▶ **Task**
Only one span of the material below is wanted. Output it exactly, from the line with "Peanuts 2026 Mini Calendar - Online Only" through the line with "Jennie Finch Signed", without any pictures.

(Beginning of Source information)

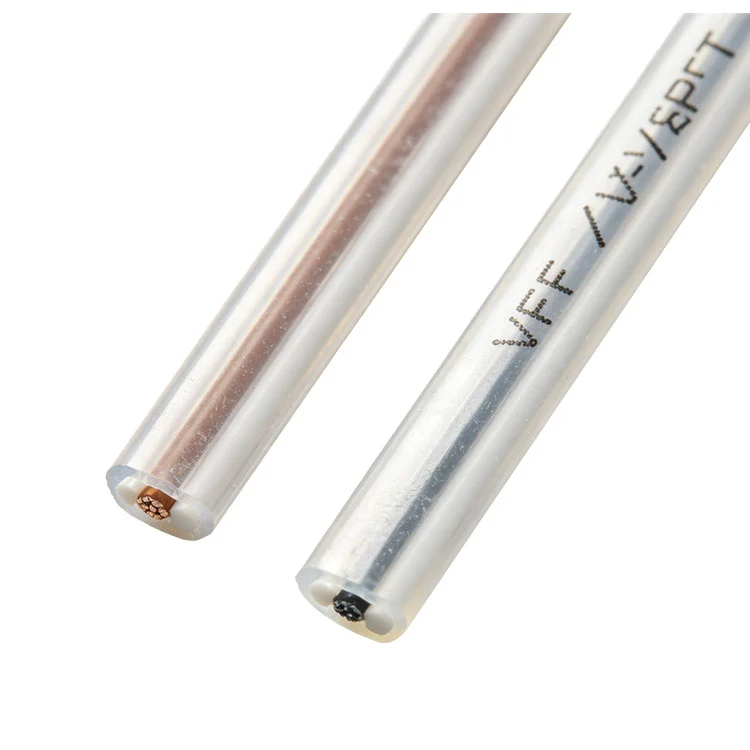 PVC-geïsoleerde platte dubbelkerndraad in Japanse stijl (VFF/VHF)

(End of Source information)
(Beginning of Source information)

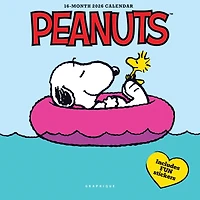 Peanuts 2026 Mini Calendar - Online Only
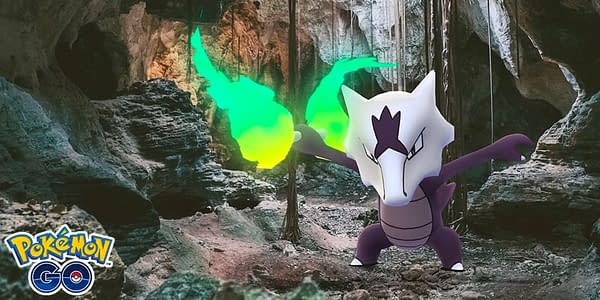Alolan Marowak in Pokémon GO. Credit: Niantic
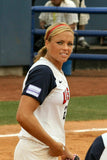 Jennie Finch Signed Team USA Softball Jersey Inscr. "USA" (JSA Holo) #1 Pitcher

(End of Source information)

▶ **Response below**
 Peanuts 2026 Mini Calendar - Online Only
Alolan Marowak in Pokémon GO. Credit: Niantic
 Jennie Finch Signed Team USA Softball Jersey Inscr. "USA" (JSA Holo) #1 Pitcher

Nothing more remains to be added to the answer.